===== RECORDS SHOWN =====
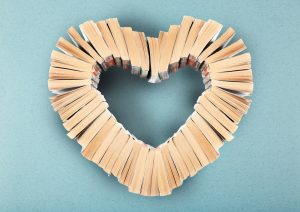 Looking at books from above, arranged so that they create a heart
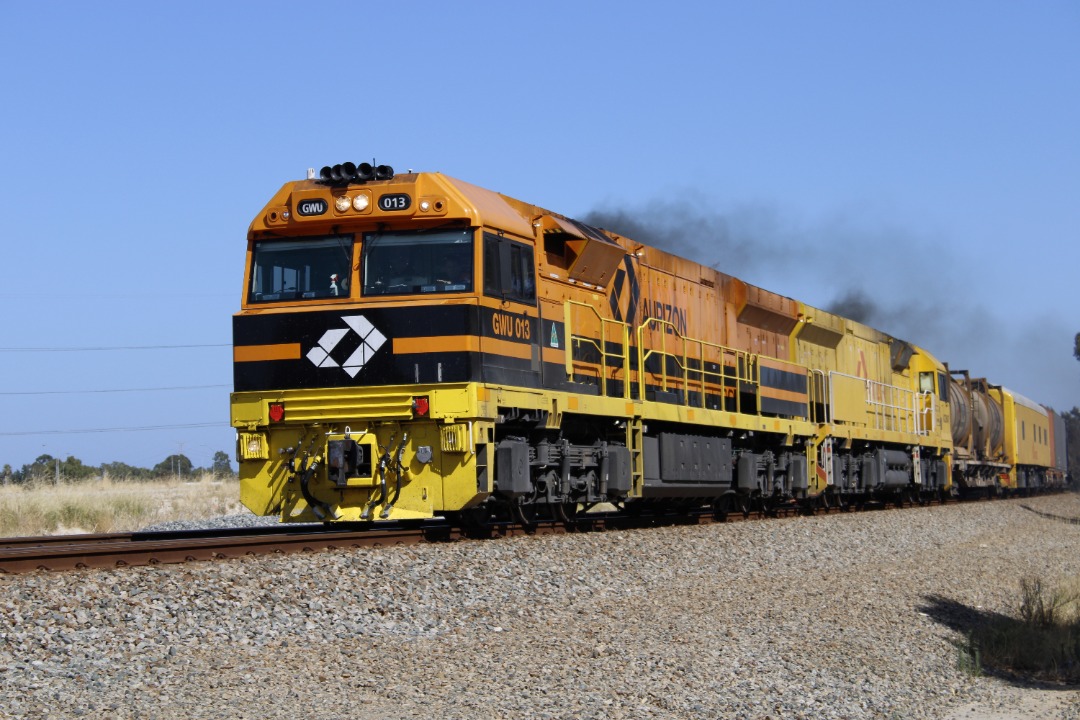 Gus Risbey on Train Siding: Aurizon's 5MP1 intermodal service is seen racing through Farrall rd level crossing, Stratton WA with locomotives GWU013 &
ACD6047 being...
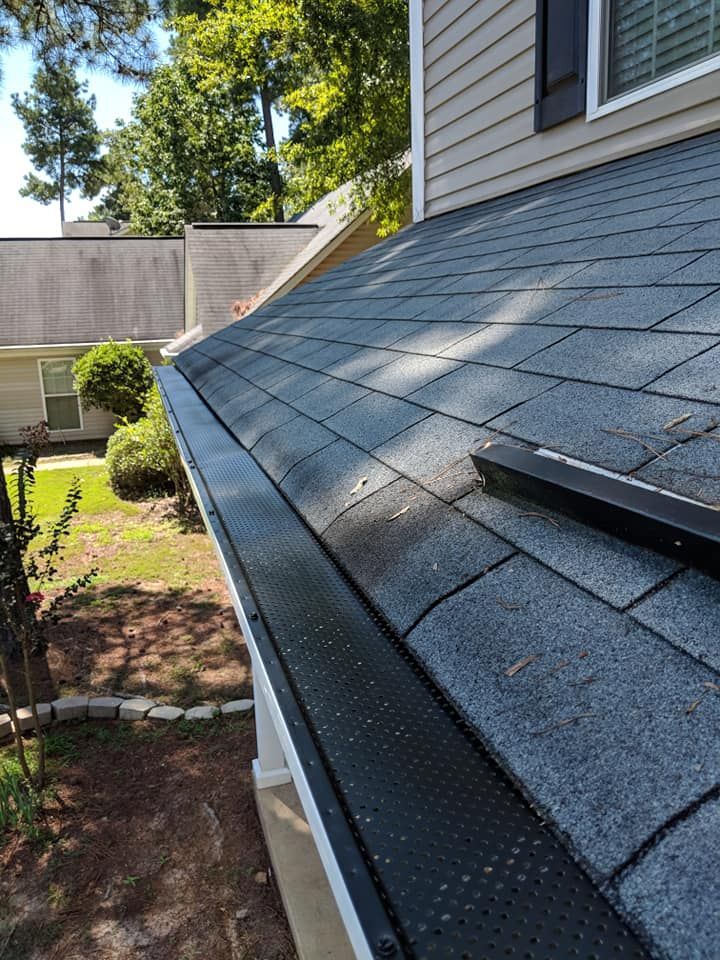 A view along a grey shingled roofline, featuring a black metal gutter guard, extending toward a house and yard.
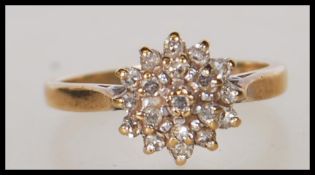 A hallmarked 9ct gold and diamond cluster ring. Hallmarked Sheffield 1995. Estimated diamond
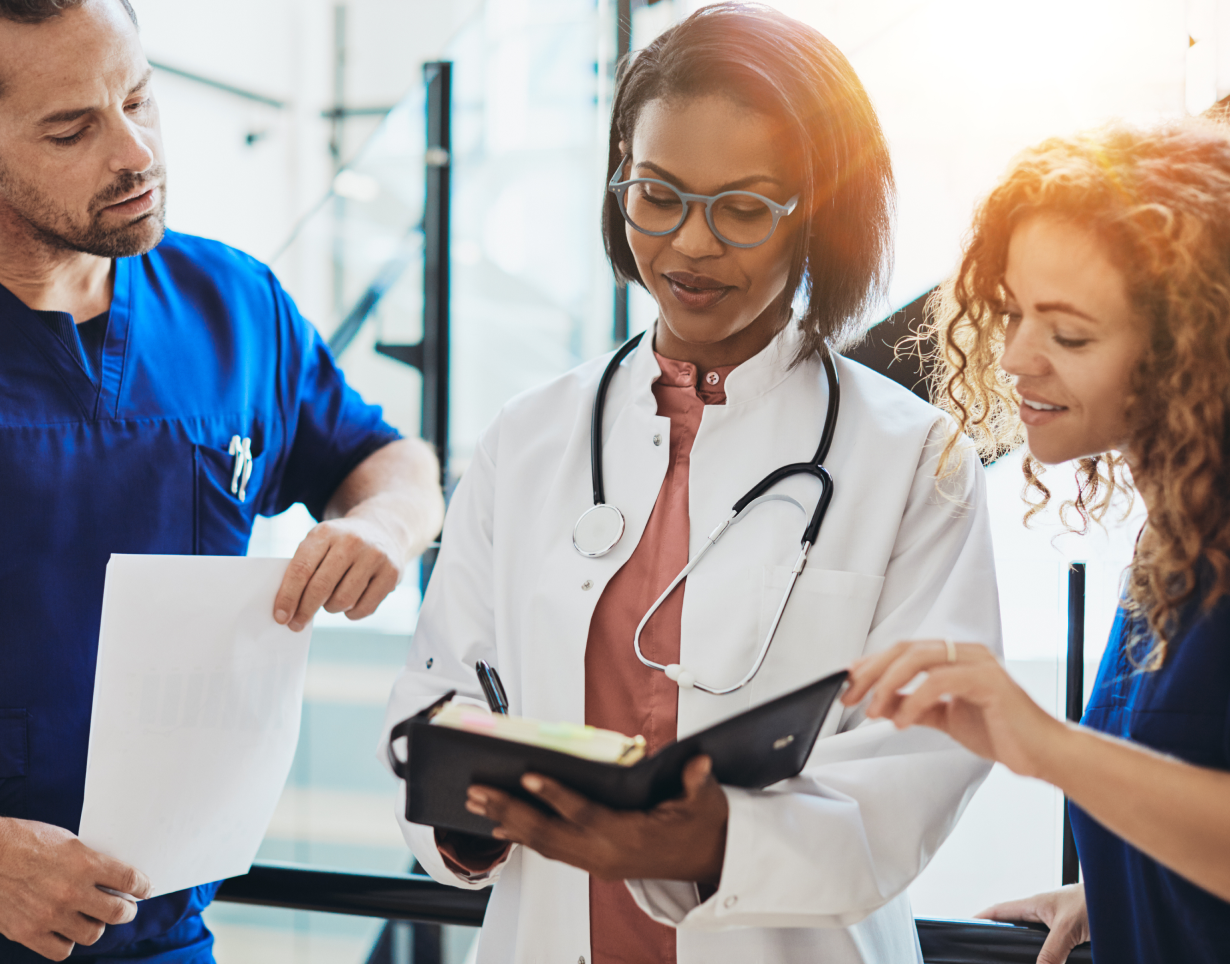 A doctor and group of care navigators talking about a patient.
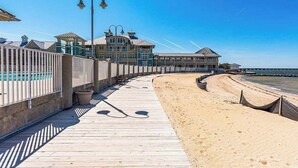 A wooden boardwalk leading to a beach with a building in the background.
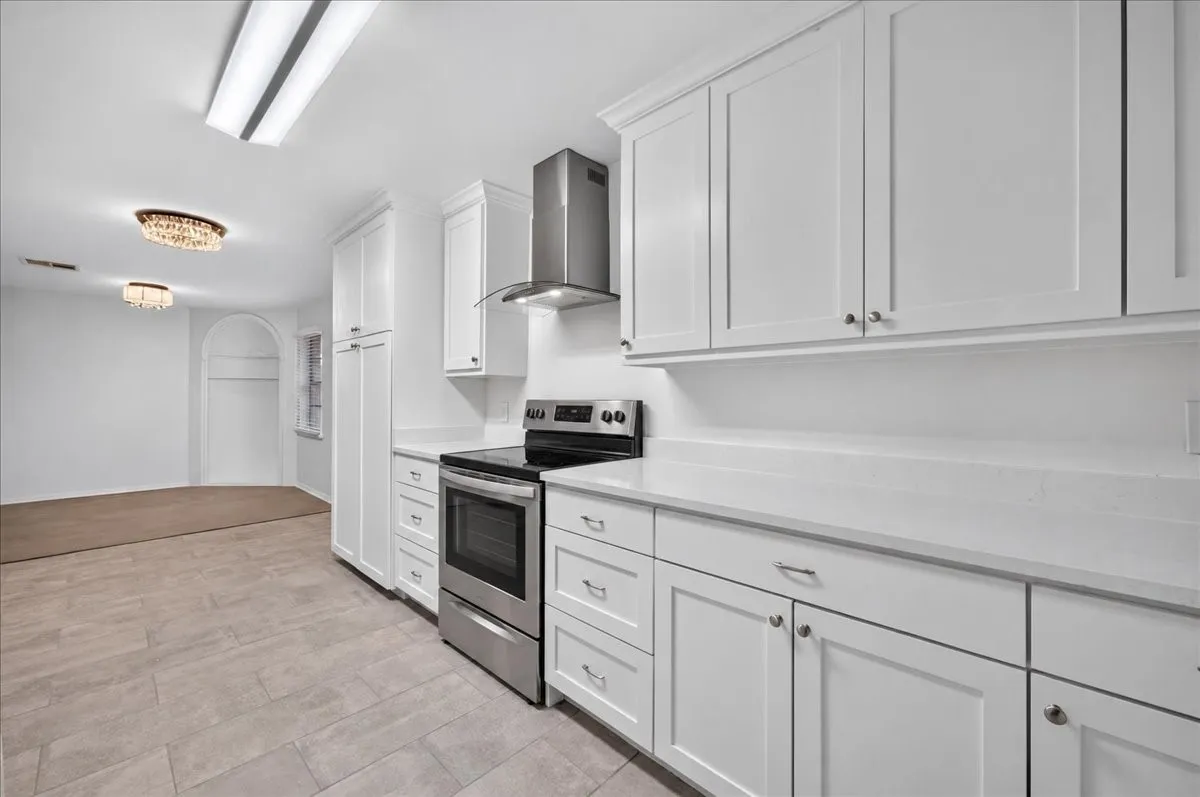 White shaker cabinetry with modern hardware, stainless steel range with overhead vent, light-toned countertops, and tile flooring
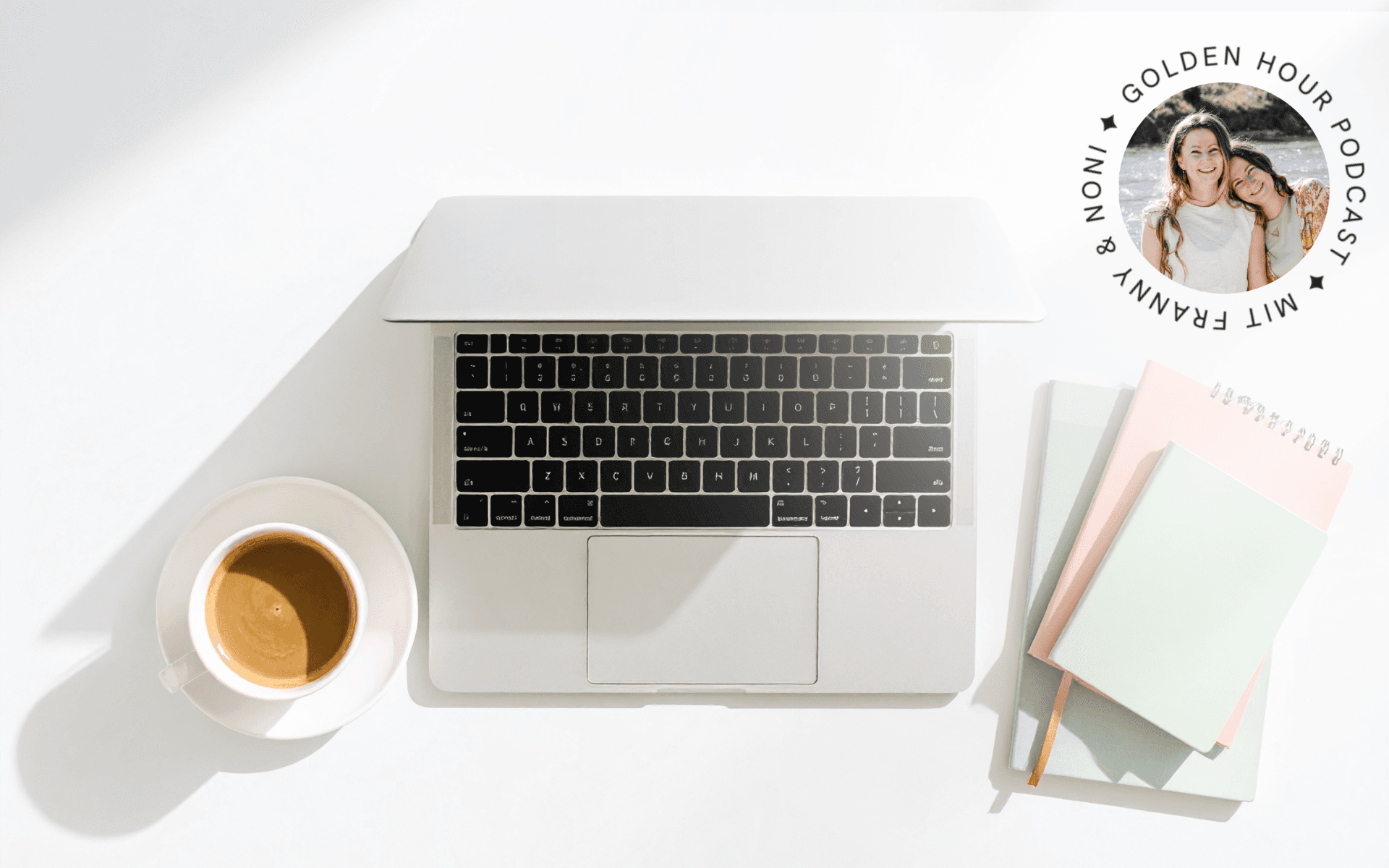 cup of coffee next to a laptop next to some journals and a pen on a desk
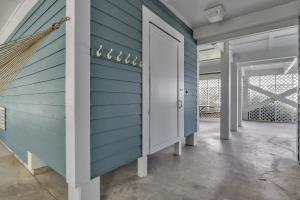 a room with a blue wall and a door at Surviving Stress by Oak Island Accommodations in Caswell Beach +90 photos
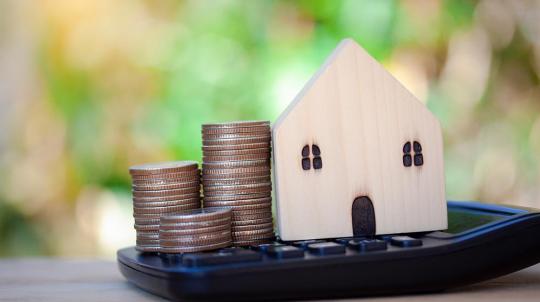 Photo d'une maquette de maison posée à côté de tas de pièces de monnaie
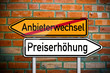 Wegweiser auf Ziegelsteinwand mit Preise und Anbieter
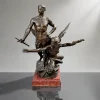 “LE GÉNIE DES NATIONS” — LUCA MADRASSI (1848-1919)<br />Bronze maciço com pátina marrom | Selo de fundição “AB – PARIS”<br />Escultura: 81 x 59 x 57 cm | Base mármore rouge: 9 x 33 x 33 cm<br />Altura total: 90 cm | Peso: 71,5 kg | França, c. 1890-1900<br /><br />Monumental grupo escultórico em bronze de Luca Madrassi, titulado “Le Génie des Nations”, fundido em Paris, c. 1890-1900. Jovem alado em pé, nu, com espada na mão direita, protege figura feminina alada que avança com tocha e braço estendido — alegoria da Liberdade guiando o Gênio da Civilização. Assentado sobre rocha naturalista com pergaminhos inscritos “DROIT DES NATIONS”. Base em mármore vermelho Griotte. Selo “AB PARIS” na base — Fundição A.B. / A. Barbedienne ou A. Blanchard, as mais prestigiadas de Paris.<br /><br />Artista: Luca Madrassi (Tricesimo 1848 – Paris 1919)<br />Italiano naturalizado francês, Madrassi estudou na Académie de France em Roma e foi discípulo de Carrier-Belleuse. Expôs no Salon des Artistes Français de 1879 a 1914 e recebeu medalha de ouro na Exposition Universelle de 1900, Paris — a mesma que você citou. Especializou-se em grupos alegóricos monumentais para salões e edifícios públicos. “Le Génie des Nations” é sua obra mais emblemática, símbolo da paz armada da Belle Époque.<br /><br />Fundição: AB – PARIS<br />O selo “AB PARIS” corresponde à Fonderie A.B. Ateliers Barbedienne, fundições que trabalhavam com os grandes escultores do Salon. Madrassi editava quase toda sua obra na Susse Frères e Barbedienne. A pátina marrom sombreada, típica de Barbedienne, e os 71,5 kg de bronze maciço confirmam edição de luxo, não bronze de série.<br /><br />3. História e tipologia<br />Apresentado em gesso no Salon de 1898 e em bronze na Universal de 1900, “Le Génie des Nations” celebra o Direito Internacional e a proteção das Artes e Ciências pela Força. O gênio alado masculino — a Nação armada — guarda a Liberdade que leva o facho do Progresso. É a retórica da III República Francesa em bronze: pacifista, mas pronta para a guerra.<br /><br />Em 2019, a Bonhams vendeu “Le Génie des Nations”, 84 cm, por £ 32.000. Com 90 cm, 71,5 kg, mármore e selo AB,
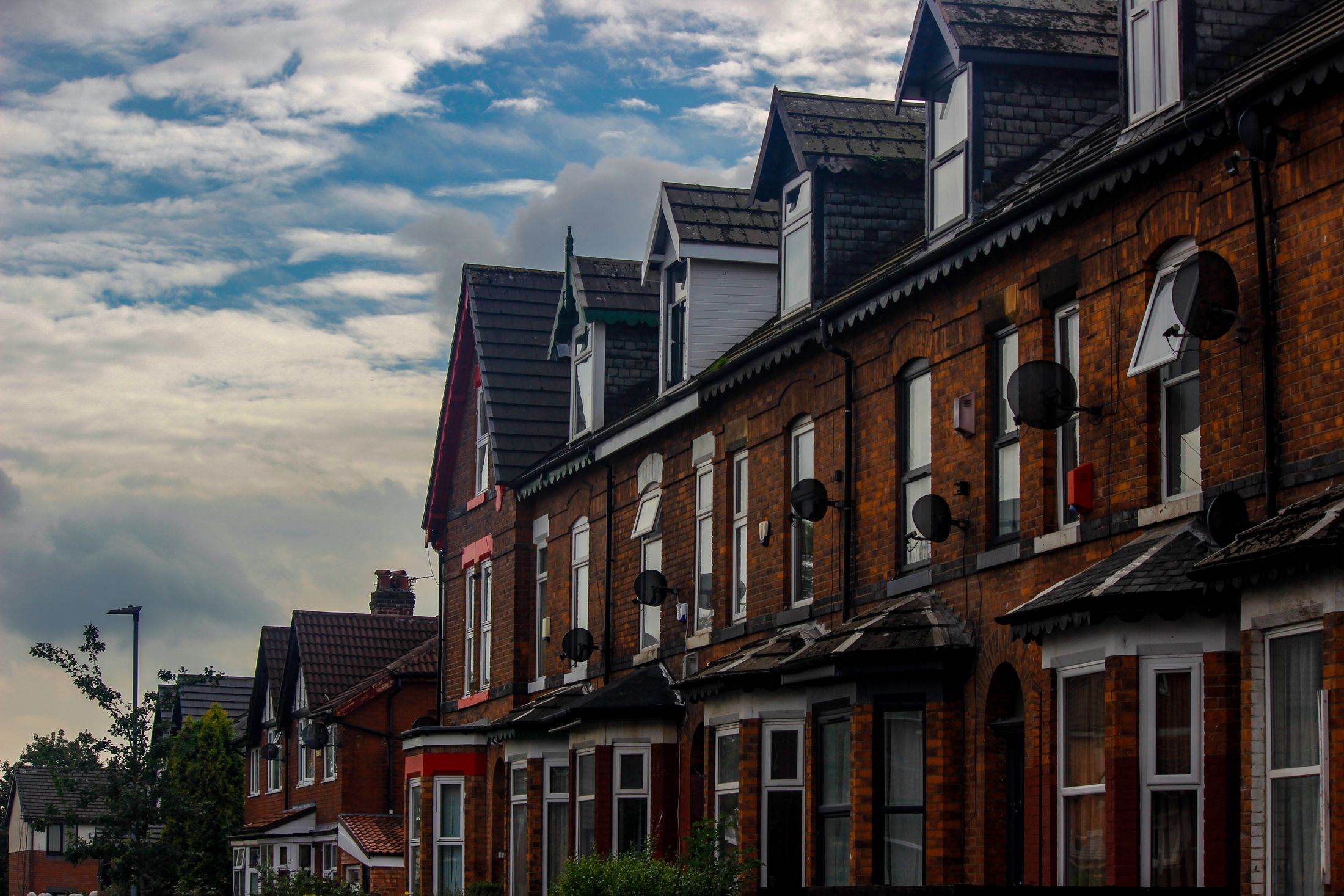 A row of red-brick Victorian terraced houses in a Manchester suburb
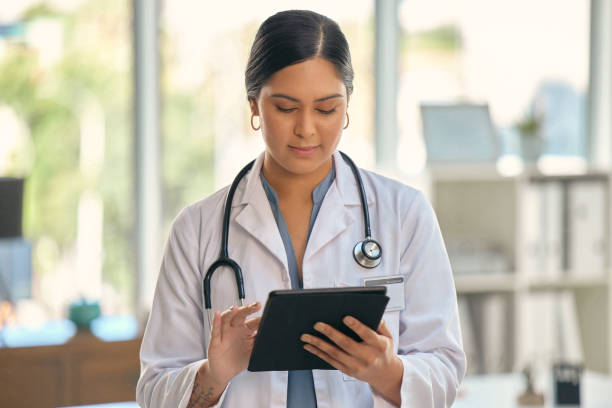 istock Shot of a young female doctor using a digital tablet at work 1354181172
=====
WHAT IS REQUIRED:
Go through the material above and repeat it exactly. Omit the pictures.

WRITTEN SOLUTION:
 Looking at books from above, arranged so that they create a heart
 Gus Risbey on Train Siding: Aurizon's 5MP1 intermodal service is seen racing through Farrall rd level crossing, Stratton WA with locomotives GWU013 &
ACD6047 being...
 A view along a grey shingled roofline, featuring a black metal gutter guard, extending toward a house and yard.
 A hallmarked 9ct gold and diamond cluster ring. Hallmarked Sheffield 1995. Estimated diamond
 A doctor and group of care navigators talking about a patient.
 A wooden boardwalk leading to a beach with a building in the background.
 White shaker cabinetry with modern hardware, stainless steel range with overhead vent, light-toned countertops, and tile flooring
 cup of coffee next to a laptop next to some journals and a pen on a desk
 a room with a blue wall and a door at Surviving Stress by Oak Island Accommodations in Caswell Beach +90 photos
 Photo d'une maquette de maison posée à côté de tas de pièces de monnaie
 Wegweiser auf Ziegelsteinwand mit Preise und Anbieter
 “LE GÉNIE DES NATIONS” — LUCA MADRASSI (1848-1919)<br />Bronze maciço com pátina marrom | Selo de fundição “AB – PARIS”<br />Escultura: 81 x 59 x 57 cm | Base mármore rouge: 9 x 33 x 33 cm<br />Altura total: 90 cm | Peso: 71,5 kg | França, c. 1890-1900<br /><br />Monumental grupo escultórico em bronze de Luca Madrassi, titulado “Le Génie des Nations”, fundido em Paris, c. 1890-1900. Jovem alado em pé, nu, com espada na mão direita, protege figura feminina alada que avança com tocha e braço estendido — alegoria da Liberdade guiando o Gênio da Civilização. Assentado sobre rocha naturalista com pergaminhos inscritos “DROIT DES NATIONS”. Base em mármore vermelho Griotte. Selo “AB PARIS” na base — Fundição A.B. / A. Barbedienne ou A. Blanchard, as mais prestigiadas de Paris.<br /><br />Artista: Luca Madrassi (Tricesimo 1848 – Paris 1919)<br />Italiano naturalizado francês, Madrassi estudou na Académie de France em Roma e foi discípulo de Carrier-Belleuse. Expôs no Salon des Artistes Français de 1879 a 1914 e recebeu medalha de ouro na Exposition Universelle de 1900, Paris — a mesma que você citou. Especializou-se em grupos alegóricos monumentais para salões e edifícios públicos. “Le Génie des Nations” é sua obra mais emblemática, símbolo da paz armada da Belle Époque.<br /><br />Fundição: AB – PARIS<br />O selo “AB PARIS” corresponde à Fonderie A.B. Ateliers Barbedienne, fundições que trabalhavam com os grandes escultores do Salon. Madrassi editava quase toda sua obra na Susse Frères e Barbedienne. A pátina marrom sombreada, típica de Barbedienne, e os 71,5 kg de bronze maciço confirmam edição de luxo, não bronze de série.<br /><br />3. História e tipologia<br />Apresentado em gesso no Salon de 1898 e em bronze na Universal de 1900, “Le Génie des Nations” celebra o Direito Internacional e a proteção das Artes e Ciências pela Força. O gênio alado masculino — a Nação armada — guarda a Liberdade que leva o facho do Progresso. É a retórica da III República Francesa em bronze: pacifista, mas pronta para a guerra.<br /><br />Em 2019, a Bonhams vendeu “Le Génie des Nations”, 84 cm, por £ 32.000. Com 90 cm, 71,5 kg, mármore e selo AB,
 A row of red-brick Victorian terraced houses in a Manchester suburb
 istock Shot of a young female doctor using a digital tablet at work 1354181172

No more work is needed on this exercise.